Now British Prime Minister Boris Johnson has won his mandate for Brexit in the UK general election – What next?
It is still sweet honeymoon season for Johnson and who can begrudge him? He has won the most decisive victory for his ruling Conservative Party in 32 years since its mythical Golden Age under Iron Lady Margaret Thatcher herself.
The opposition Labour Party, which for the past three years appeared to be within a short breath of taking power under its most radical leader ever Jeremy Corbyn has instead been annihilated in its most invulnerable strongholds in the North, Wales and the Midlands and reduced to its lowest standing since 1935.
At a tactical political level, Johnson has performed brilliantly. He has annihilated the UK Independence Party and reduced its previously formidable leader Nigel Farage to an asterisk.
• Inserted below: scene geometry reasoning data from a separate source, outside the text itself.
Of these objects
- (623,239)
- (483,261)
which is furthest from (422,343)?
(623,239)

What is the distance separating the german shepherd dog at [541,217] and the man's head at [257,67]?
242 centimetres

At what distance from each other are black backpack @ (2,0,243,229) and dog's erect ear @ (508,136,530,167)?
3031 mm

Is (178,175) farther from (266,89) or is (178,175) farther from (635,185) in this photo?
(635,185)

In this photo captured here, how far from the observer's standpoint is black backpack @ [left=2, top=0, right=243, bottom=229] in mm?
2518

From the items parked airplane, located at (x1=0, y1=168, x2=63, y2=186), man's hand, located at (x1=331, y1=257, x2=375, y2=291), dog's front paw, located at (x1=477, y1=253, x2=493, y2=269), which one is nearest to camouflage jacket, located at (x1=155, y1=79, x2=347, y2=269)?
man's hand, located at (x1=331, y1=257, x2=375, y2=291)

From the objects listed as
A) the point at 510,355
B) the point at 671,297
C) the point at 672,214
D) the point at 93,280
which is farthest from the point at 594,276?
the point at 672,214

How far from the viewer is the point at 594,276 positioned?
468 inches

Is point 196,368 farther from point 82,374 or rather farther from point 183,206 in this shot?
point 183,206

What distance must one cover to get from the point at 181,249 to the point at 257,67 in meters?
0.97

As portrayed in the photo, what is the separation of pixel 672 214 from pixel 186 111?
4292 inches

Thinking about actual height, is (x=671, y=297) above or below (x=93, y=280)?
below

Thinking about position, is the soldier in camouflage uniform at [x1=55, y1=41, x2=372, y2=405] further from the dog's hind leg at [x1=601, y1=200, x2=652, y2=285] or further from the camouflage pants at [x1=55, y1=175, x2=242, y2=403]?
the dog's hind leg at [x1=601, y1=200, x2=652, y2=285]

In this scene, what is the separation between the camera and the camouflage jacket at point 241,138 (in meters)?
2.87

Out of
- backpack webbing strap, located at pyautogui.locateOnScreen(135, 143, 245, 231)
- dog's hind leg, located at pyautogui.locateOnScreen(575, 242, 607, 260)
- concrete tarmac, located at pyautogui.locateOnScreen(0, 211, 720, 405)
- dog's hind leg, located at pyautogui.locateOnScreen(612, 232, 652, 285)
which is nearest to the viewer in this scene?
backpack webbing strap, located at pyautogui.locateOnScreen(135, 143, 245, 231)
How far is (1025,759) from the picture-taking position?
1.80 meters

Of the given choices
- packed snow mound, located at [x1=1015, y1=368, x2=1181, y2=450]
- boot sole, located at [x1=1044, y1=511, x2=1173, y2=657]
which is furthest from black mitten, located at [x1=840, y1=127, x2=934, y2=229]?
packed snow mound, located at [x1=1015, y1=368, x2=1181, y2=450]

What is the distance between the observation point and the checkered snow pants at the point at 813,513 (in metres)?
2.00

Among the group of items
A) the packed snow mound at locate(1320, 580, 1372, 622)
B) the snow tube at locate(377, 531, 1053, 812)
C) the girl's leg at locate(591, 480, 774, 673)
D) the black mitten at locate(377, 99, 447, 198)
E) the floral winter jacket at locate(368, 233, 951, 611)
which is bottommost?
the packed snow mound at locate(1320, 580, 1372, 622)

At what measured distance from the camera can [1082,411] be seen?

Farage made the fatal and irredeemable mistake of agreeing to stand down his party candidates across the country to allow a united front against Corbyn and Labour. Now his party is nonexistent in parliament.
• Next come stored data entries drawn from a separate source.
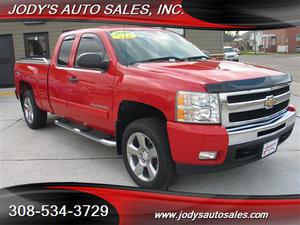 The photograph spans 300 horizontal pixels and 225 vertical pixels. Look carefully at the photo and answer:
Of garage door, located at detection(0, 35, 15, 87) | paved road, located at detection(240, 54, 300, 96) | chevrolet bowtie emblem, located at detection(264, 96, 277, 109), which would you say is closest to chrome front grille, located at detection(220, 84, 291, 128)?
chevrolet bowtie emblem, located at detection(264, 96, 277, 109)

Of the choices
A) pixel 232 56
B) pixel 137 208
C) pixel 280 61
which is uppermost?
pixel 232 56

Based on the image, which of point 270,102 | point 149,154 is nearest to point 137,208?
point 149,154

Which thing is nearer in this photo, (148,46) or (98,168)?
Result: (148,46)

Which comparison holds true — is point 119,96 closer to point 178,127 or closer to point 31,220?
point 178,127

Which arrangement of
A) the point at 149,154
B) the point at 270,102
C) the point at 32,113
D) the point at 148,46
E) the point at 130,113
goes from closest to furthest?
the point at 270,102, the point at 149,154, the point at 130,113, the point at 148,46, the point at 32,113

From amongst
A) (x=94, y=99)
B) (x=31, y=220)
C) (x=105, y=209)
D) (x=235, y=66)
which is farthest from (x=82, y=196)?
(x=235, y=66)

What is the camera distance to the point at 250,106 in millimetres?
3328

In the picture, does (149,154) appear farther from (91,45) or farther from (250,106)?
(91,45)

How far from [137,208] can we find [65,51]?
2.88 metres

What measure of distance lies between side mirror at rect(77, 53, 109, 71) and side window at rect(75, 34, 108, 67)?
0.54ft

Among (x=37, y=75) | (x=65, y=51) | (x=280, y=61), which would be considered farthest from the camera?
(x=280, y=61)

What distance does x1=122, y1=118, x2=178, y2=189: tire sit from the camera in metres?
3.49

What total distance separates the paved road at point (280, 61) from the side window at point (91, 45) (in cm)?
190

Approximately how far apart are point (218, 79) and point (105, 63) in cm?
146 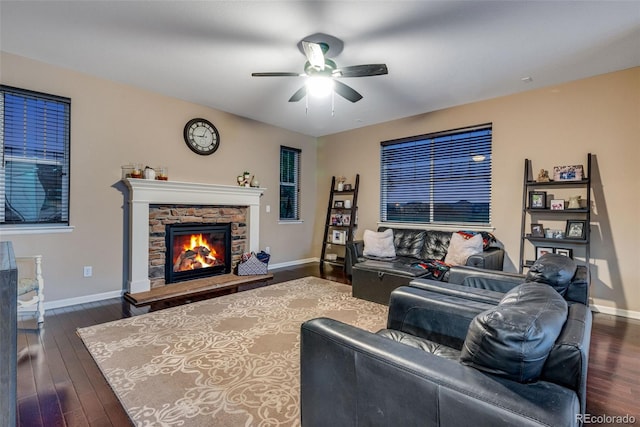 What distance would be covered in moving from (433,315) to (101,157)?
420cm

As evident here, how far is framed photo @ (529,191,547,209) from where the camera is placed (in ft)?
12.8

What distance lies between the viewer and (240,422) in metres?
1.68

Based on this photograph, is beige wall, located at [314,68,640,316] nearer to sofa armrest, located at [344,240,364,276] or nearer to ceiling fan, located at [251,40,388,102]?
sofa armrest, located at [344,240,364,276]

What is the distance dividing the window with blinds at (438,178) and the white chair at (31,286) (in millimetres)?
4821

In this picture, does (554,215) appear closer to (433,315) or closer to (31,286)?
(433,315)

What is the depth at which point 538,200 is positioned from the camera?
12.8 ft

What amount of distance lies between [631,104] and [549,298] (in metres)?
3.67

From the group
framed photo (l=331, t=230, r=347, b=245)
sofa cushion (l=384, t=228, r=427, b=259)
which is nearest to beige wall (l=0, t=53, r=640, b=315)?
sofa cushion (l=384, t=228, r=427, b=259)

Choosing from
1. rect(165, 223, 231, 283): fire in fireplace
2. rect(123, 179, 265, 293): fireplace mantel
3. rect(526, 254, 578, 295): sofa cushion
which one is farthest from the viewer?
rect(165, 223, 231, 283): fire in fireplace

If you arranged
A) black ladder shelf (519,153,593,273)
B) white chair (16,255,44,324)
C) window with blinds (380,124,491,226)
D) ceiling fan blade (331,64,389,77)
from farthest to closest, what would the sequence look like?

Johnson has taken the popular Brexit “Leave the European Union” issue away from Farage firmly and forever. There is nowhere left for him to go except oblivion.
Johnson has been equally brilliant, decisive and demanding in establishing firm control of his own ruling Conservatives. He has singlehandedly reversed its dismal dynamic of decline going back nearly 30 years to when Thatcher was toppled in an internal party coup in 1990.
Johnson has established a potential new heartland for a more nationalist, government-intervention-leaning party in the Midlands and North, taking a winning leaf out of his friend US President Donald Trump’s winning political playbook in the United States.
Johnson has also axed the last “old empire” free market romantics – David Davis, and Liam Fox – who held senior positions under his predecessor, hapless flailing Theresa May. In three years, they failed to land a single worthwhile trade deal with any nation whatsoever, a record of failure and incompetence remarkable even for May’s Cabinet.
Next to be dumped are the last Northern Irish Protestant Unionists of the divisive old Democratic Unionist Party. These remarkable Know Nothing old dinosaurs kept May in power for three years of bungling and failure – and Johnson from his vision of power for just as long.
Now they will be sacrificed on the compromises Johnson still must make with the European Union to finalize the Brexit deal he promised his supporters in England and Wales.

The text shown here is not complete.